For division we have to keep in mind that the result must have the correct scale, just like with multiplication. However in this case, a naive division would lead to a scaled down result. To prevent this, we scale the numerator up by $2^{16}$ before performing the division. Since the scale itself is 17 bits, this means the initial numerator input must limited to have 126-17=109 bits. The denominator can have 126 bits.

In the standalone library for the fixed point arithmetic, these checks have been added to the respective functions. For the ML library however, we opted to use a "stripped" version of quantized directly in the library itself, which doesn't contain any bitsize checks. Instead, the bitsize checks have been added throughout all of the ML functionality iself. This was done to optimize the amount of bitsize checks needed by tailoring them to the actual functionality. Throughout the code the bitsize checks can be found as well as the reasoning for it.

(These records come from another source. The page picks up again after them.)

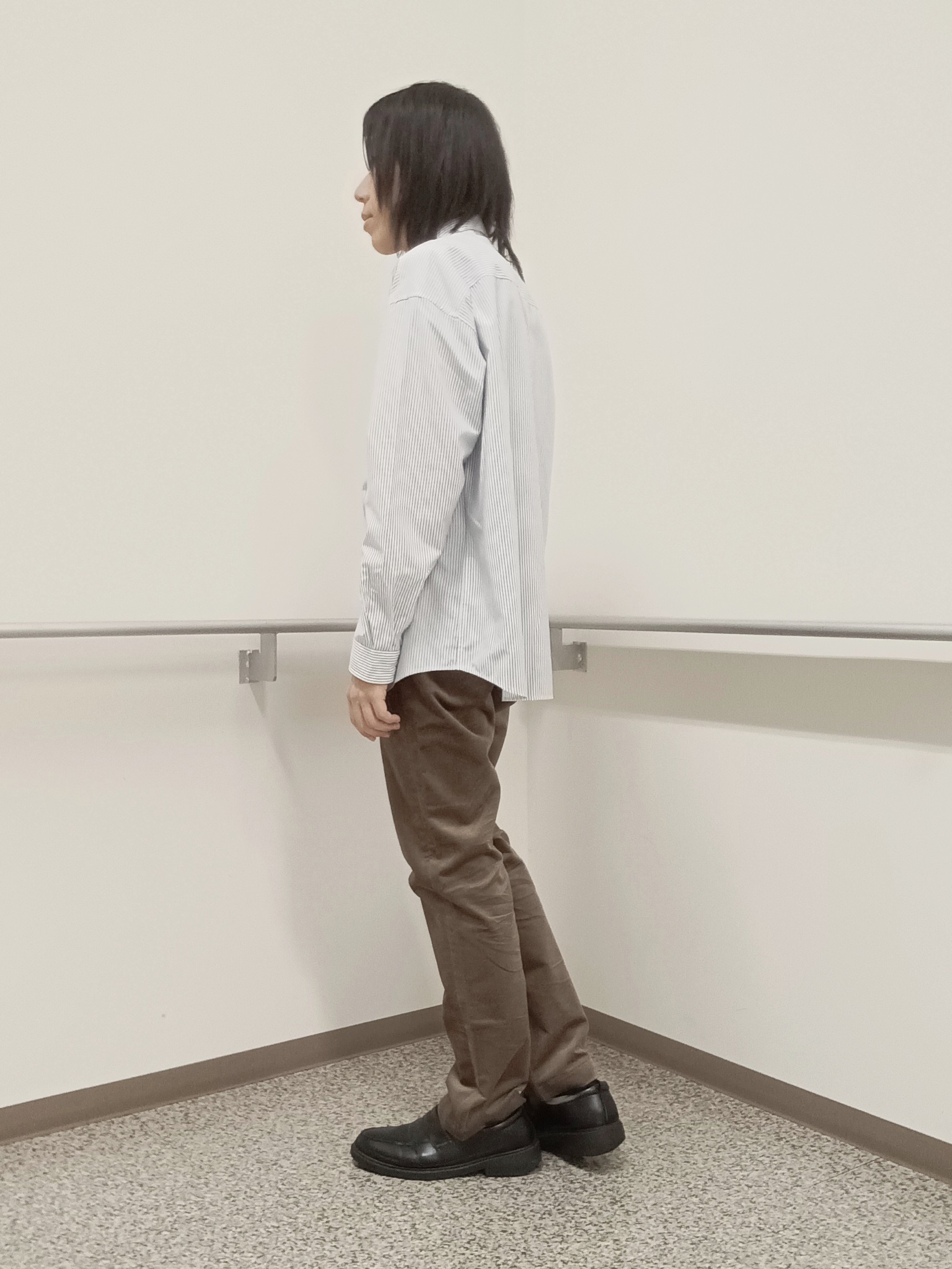 moritaさんの「TAKEO KIKUCHI｜ニット シャツ カーディガン」を使ったコーディネート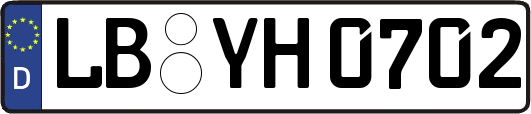 LB-YH0702
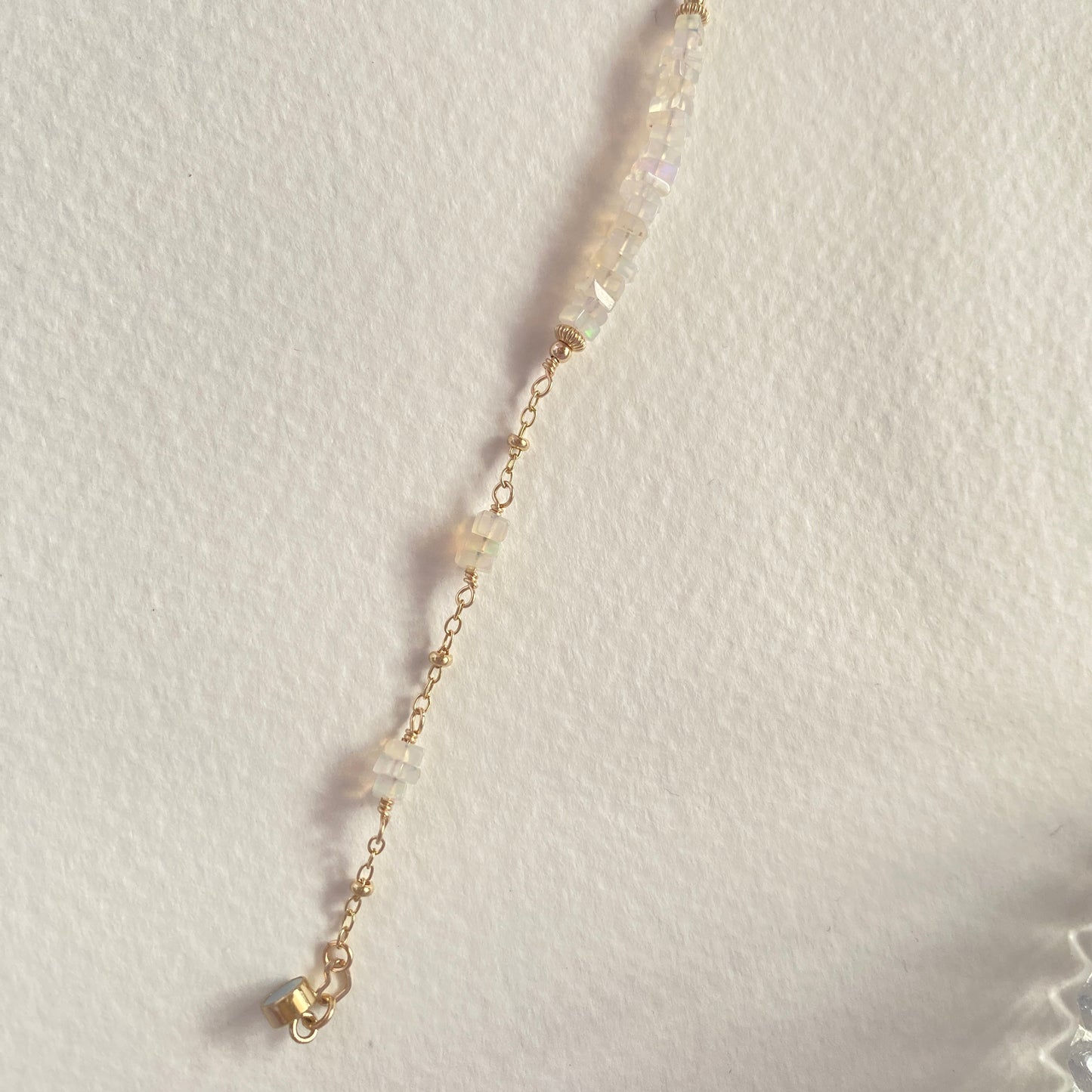 Aurea Bracelet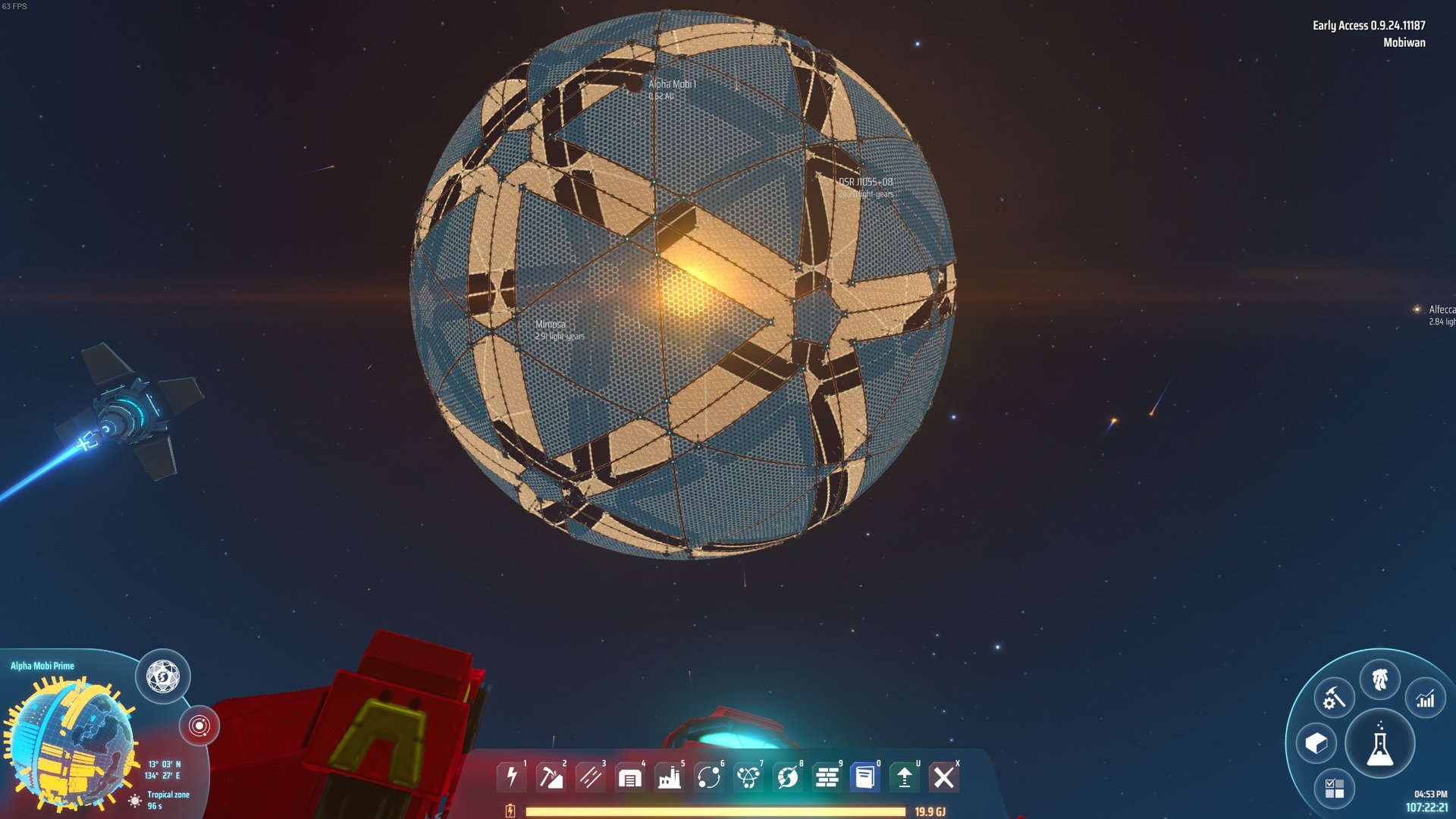 星际争霸2 终极版 截图8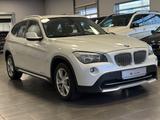 BMW X1 23 d xDrive X Line AHK/Navi/2xPDC - gebrauchte BMW X1 aus dem Jahr 2011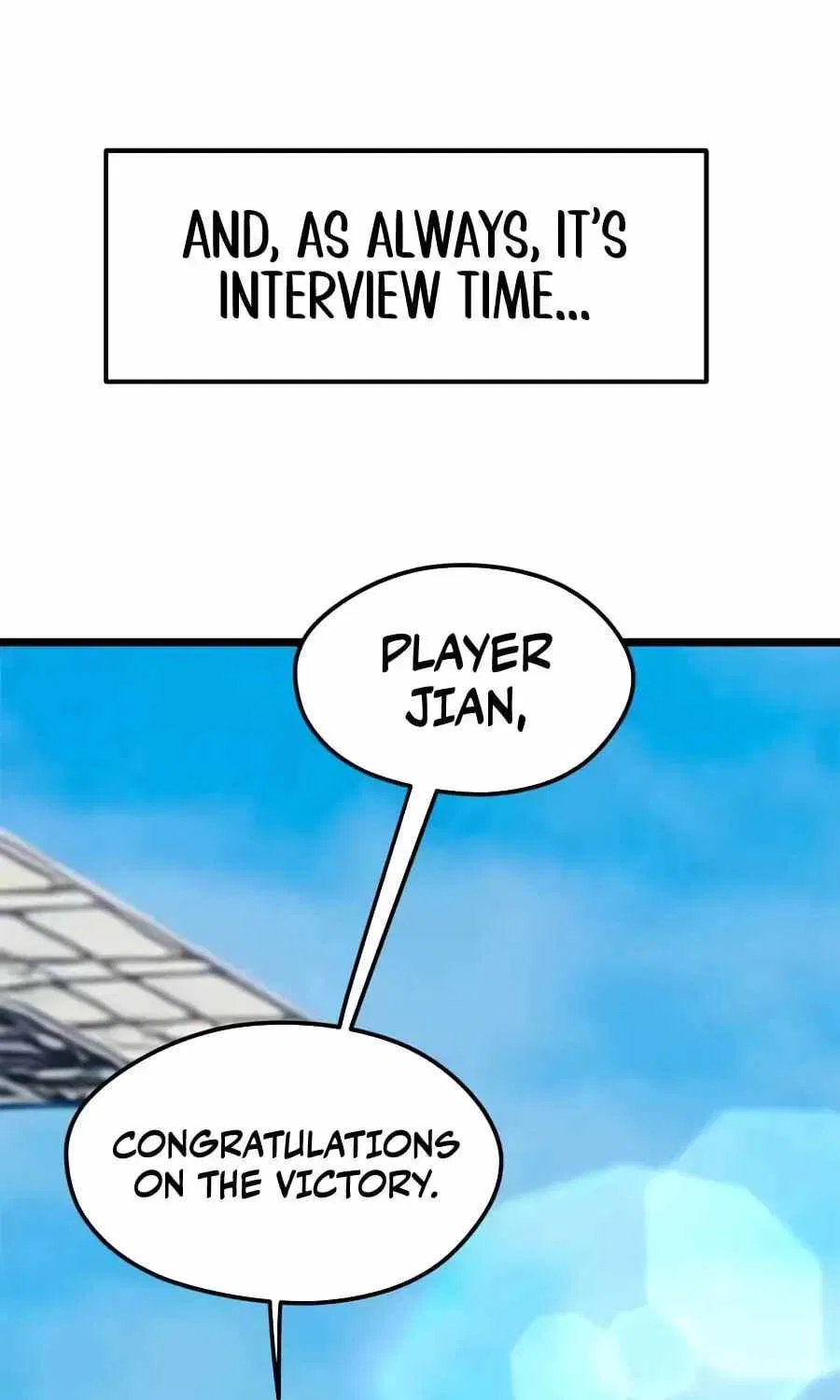 I’m Not a Soccer Genius! Chapter 73 – Page 163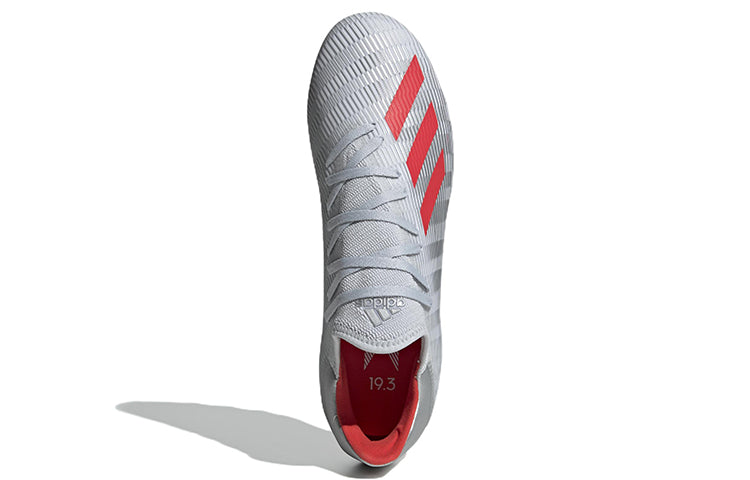 adidas X 19.3 AG 'Silver Grey' F35336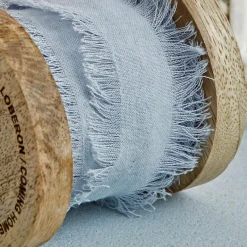 Geschenkverpackungen|Schreibwaren^LOBERON Band 2er Set Valethor blau/creme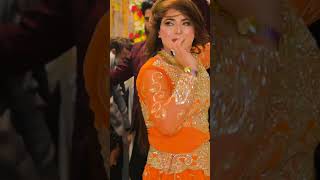 Qayamat Qayamat Mehak Malik Bollywood Dance Performance 2024 wedding dance couplegoals [upl. by Ennoira]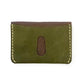 Cameo Wallet - Ranger Green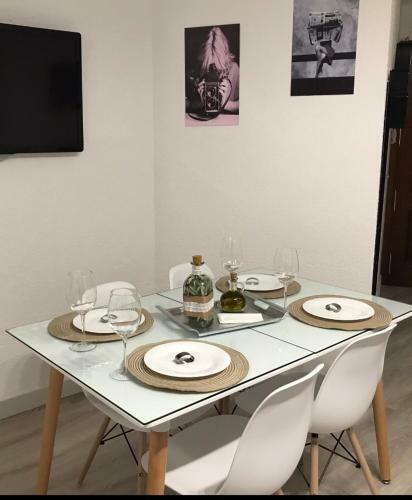 Apartamento Sol Y Playa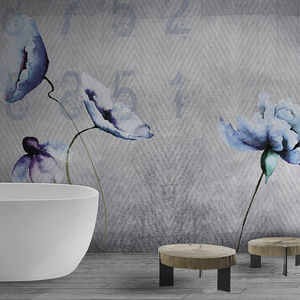 современный обои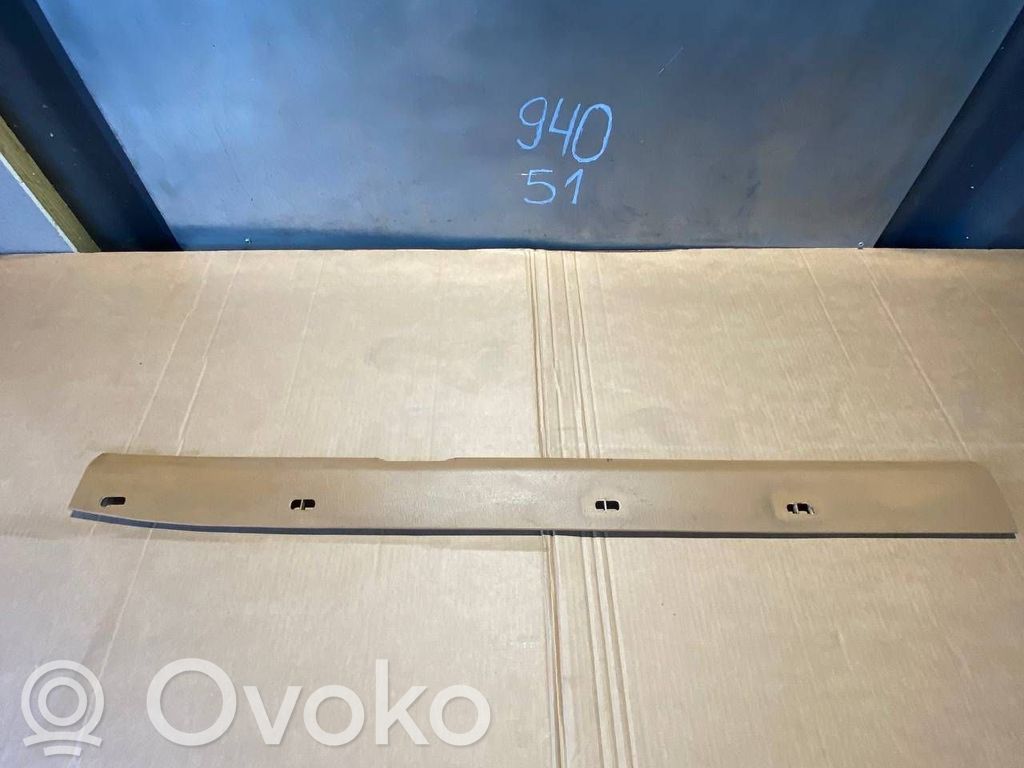 Volvo 940 Headlining 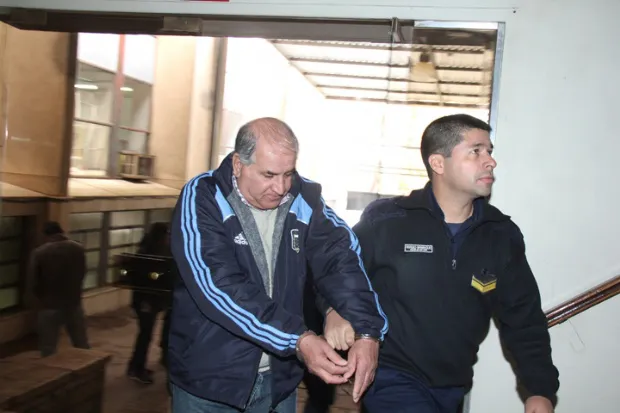 Carlos Segundo Melián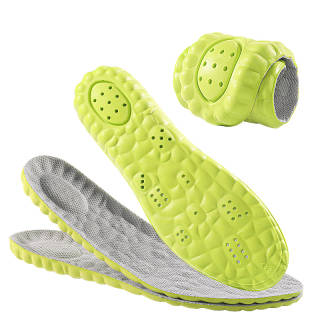 maigaole Insoles Unisex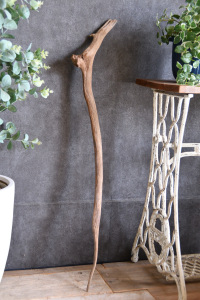 流木棒 長さ50cm～100cm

Use the fixed point library

The quantized functionality can be found and used in a separate library called noir-fixed-point. Here, we present some instructions on how to use it.

First, you need to add the library as a dependency in your own Noir project:

[dependencies]
fixed_point = { tag = "v0.1.2", git = "https://github.com/hashcloak/noir-fixed-point" }

Then, you can create values and perform arithmetic as it is shown in the following example:

#![allow(unused)]
fn main() {
let a = Quantized::new(98304); // Represents 1.5
let b = Quantized::new(147456); // Represents 2.25

let add = a + b; // (98304 + 147456) / 2^16 = 3.75
let sub = a - b; // (98304 - 147456) / 2^16 = -0.75
let mul = a * b; // (98304 * 147456) / 2^(16 + 16) = 3.375
}